Simenon usa molto bene i particolari. Il muro di calce, le luci accecanti nel garage segreto dove rubano le macchine. Il caffè bollente. L’uomo alto con la tuta. Si avverte la corporeità nelle descrizioni così apparentemente semplici, con un solo aggettivo. L’atmosfera cupa e fumosa del bar, della vita quotidiana, prefigura ciò che pensano i protagonisti. Il rimo della scrittura conferisce il movimento e determina una struttura narrativa, corposa, colorata, gonfia. Di sangue e carne, con tatto, sapori, odori.

“[…] Kees non aveva voglia di dormire. Andò ad affacciarsi alla finestra, o per meglio dire all’abbaino, e lasciò errare lo sguardo su un paesaggio straordinario: in lontananza prati ammantati di neve, poi rotaie, fabbricati, travi di ferro, ammassi confusi del materiale di una grande stazione, vagoni senza locomotiva che si muovevano piano piano, locomotive senza vagoni che segnavano rabbiose il passo, fischi, grida, e sparuti alberi sfuggiti al massacro, che disegnavano mesti il nero viluppo dei rami contro un cielo diaccio. […]”

“[…] Lui era più forte di tutti loro, incluso Louis, inclusa Jeanne Rozier… Tutta la banda era come prigioniera del garage, come maman lo era della casa, Claes della clientela e di Éléonore, Copenghem del circolo degli scacchi di cui ambiva la presidenza… Lui, Popinga, non era prigioniero di nulla, di nessuno, di nessuna idea, di niente di niente, e la prova…

[…]”

Il protagonista varia continuamente il suo agire in modo equivalente al gioco degli scacchi, nel girare gli alberghi, fumare i sigari e le pipe; portare una valigetta. Cambiare sempre. Metodicamente: evitare i metodi.

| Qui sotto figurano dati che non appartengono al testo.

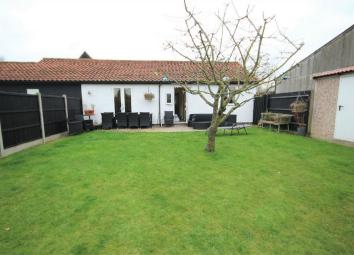 1 Bedroom Detached house to rent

“[…] «Insomma, ho continuato a essere procuratore per abitudine, marito di mia moglie e padre dei miei figli per abitudine, perché non so chi ha deciso che così doveva essere e non altrimenti. «E se io, proprio io, avessi deciso altrimenti? «Lei non può immaginare fino a che punto, una volta presa questa decisione, tutto diventi semplice. Non occorre più occuparsi di quel che pensa il Tale o il Talaltro, di quel che è permesso o proibito, dignitoso o meno, corretto o scorretto.

[…]”

“[…] «Ma possibile che nessuno capisca come ’prima’ qualcosa in me non funzionava? ’Prima’ se avevo sete non osavo dirlo, né tanto meno entrare in un caffè. Se avevo fame, e mi offrivano qualcosa in casa di amici, per educazione mormoravo: «“No, grazie!”. «Se mi trovavo su un treno, mi facevo obbligo di fingere di leggere o di guardare il paesaggio, e non mi sfilavo i guanti anche se mi stringevano le dita, perché così prescrivono le buone maniere.

[…]”

“[…] «Dunque, non sono né pazzo né maniaco! Solo che a quarant’anni ho deciso di vivere come più mi garba senza curarmi delle convenzioni né delle leggi, perché ho scoperto un po’ tardi che nessuno le osserva e che finora sono stato gabbato.

[…]”

La stessa città di Parigi offre occasioni per la discesa all’inferno. L’attentato al suo io paranoico, nella determinazione sovrastimata dell’immagine di sé. Riceve colpo su colpo: la truffa alla sua intelligenza, l’indifferenza, e la costrizione alla normalità che odiava.

Si rende conto di non poter esprimere la follia, essendo costretto nel racconto: avverte il carcerario che si avviluppa attorno a ogni suo intento.